Metishima, reconnaître les talents d’ailleurs
- Le Département de la Seine-Saint-Denis soutient l’association Metishima qui accompagne les personnes exilées vers l’emploi.
- Son but : reconstruire des parcours professionnels brisés par l’exil.
- Interview de sa fondatrice, Marie Doué.
Votre association accompagne les personnes exilées vers l’emploi. Qui sont ces personnes ?
65% des personnes que nous accompagnons ont un niveau supérieur au baccalauréat. Ces personnes exilées arrivent ici parce qu’il y a la guerre, des problèmes chez eux. Elles partent du jour au lendemain alors qu’elles avaient une situation chez elles. Et ici, elles se retrouvent sans papiers, sans rien. Elles doivent alors prouver qu’elles ont existé dans le passé. Aujourd’hui nous accompagnons 65 nationalités.

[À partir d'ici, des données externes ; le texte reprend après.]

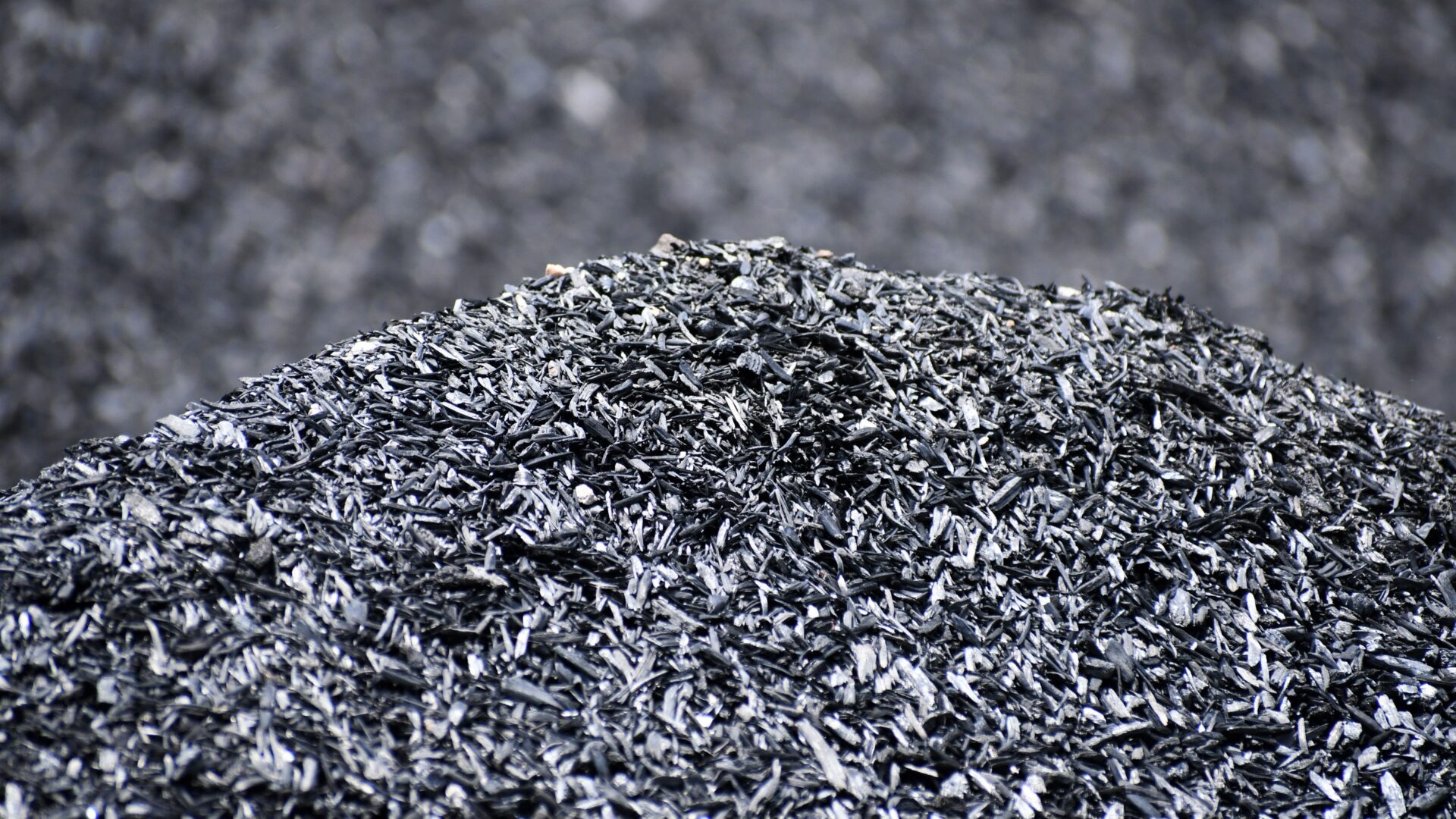 A pile of biochar made from almond shells showing the porous structure that retains water and supports microbial life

Ces personnes ont des compétences. Sont-elles diplômées ?
Oui, mais quand elles arrivent, on ne leur demande pas qui elles ont été. On leur dit : « Et bien voilà, il y a ce métier. Il faut y aller parce qu’il faut travailler. » Mais pour travailler, pour se sentir bien, il faut être dans un métier qui nous correspond, qui nous plaît. Je ne dis pas forcément arriver au même au stade parce qu’on n’est pas dans le même processus.

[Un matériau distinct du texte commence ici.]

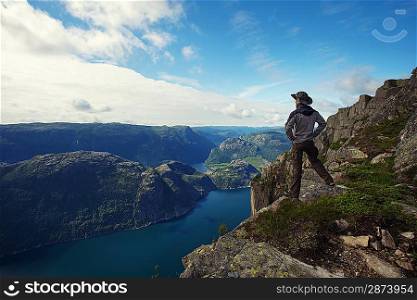 Man hiker looking over fjord panorama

Pouvez-vous nous donner un exemple ?
On a une ingénieure informaticienne qui vient du Sri Lanka, partie à cause de la guerre. Nous sommes en train de lui chercher une entreprise qui puisse lui donner la chance de commencer, même par le back office.
Qu’est-ce qui manque à ces personnes ?
Ce qui leur manque, c’est d’avoir confiance en elles. Le fait de n’avoir pas pu encore montrer au pays d’accueil leurs compétences les freine.
Combien de femmes accompagnez-vous ?
On a 45% de femmes. Quand elles arrivent, elles sont carrément cassées. Elles ont subi davantage de traumatismes que les hommes. Certaines ont été violées durant le parcours. Leur environnement ne leur permet pas non plus de prendre la parole. Elles sont aussi dans un système patriarcal. Par conséquent, la femme ne peut pas être ce qu’elle a été. Elle doit s’occuper des enfants. Elles doivent faire des métiers plus ou moins non qualifiés. C’est assez compliqué par rapport à la langue, par rapport à la posture, par rapport à ce qui a été vécu et par rapport à la place laissée aussi par la femme dans la société d’accueil.
Comment aider ces femmes ?
Certaines personnes restent dans leur communauté en pensant que cette communauté va les protéger. Mais à un certain moment, elles se rendent compte que la communauté, non seulement ne les protège pas, mais reproduit la souffrance. Comme ces personnes ne trouvent pas les portes à ouvrir, elles se retrouvent coupées de tout et ne peuvent pas rayonner. Voilà pourquoi elles restent dans la communauté où elles se sentent plus ou moins à l’aise.
Où trouvent-elles la force de s’épanouir ?
Les personnes arrivent avec des compétences, ce sont des talents. Nous avons des ingénieur.e.s informaticien.ne.s, des agriculteur.trice.s, des ingénieur.e.s agronomes, des comptables, des médecins mais qui ne peuvent pas exercer et qui passent par des formations pour devenir infirmier.ère. Nous avons de tout. Et que fait-on ? On les accueille et ensuite le processus s’arrête. Ils sont dans les centres d’hébergement. Ensuite, après avoir obtenu leurs papiers, ils ont entre 3 à 6 mois pour pouvoir trouver quelque chose. Tout cet effort, tout ce temps, cet argent mis à disposition par les départements et l’Etat, tout cet espoir qu’on leur avait donné, va s’arrêter du jour au lendemain. Comment est-ce qu’on fait pour déplacer les lignes ? C’est vraiment une bonne action, mais le pays qui accueille doit la mener jusqu’au bout. Ces personnes peuvent encore rayonner en les laissant intégrer le monde de l’emploi plus facilement.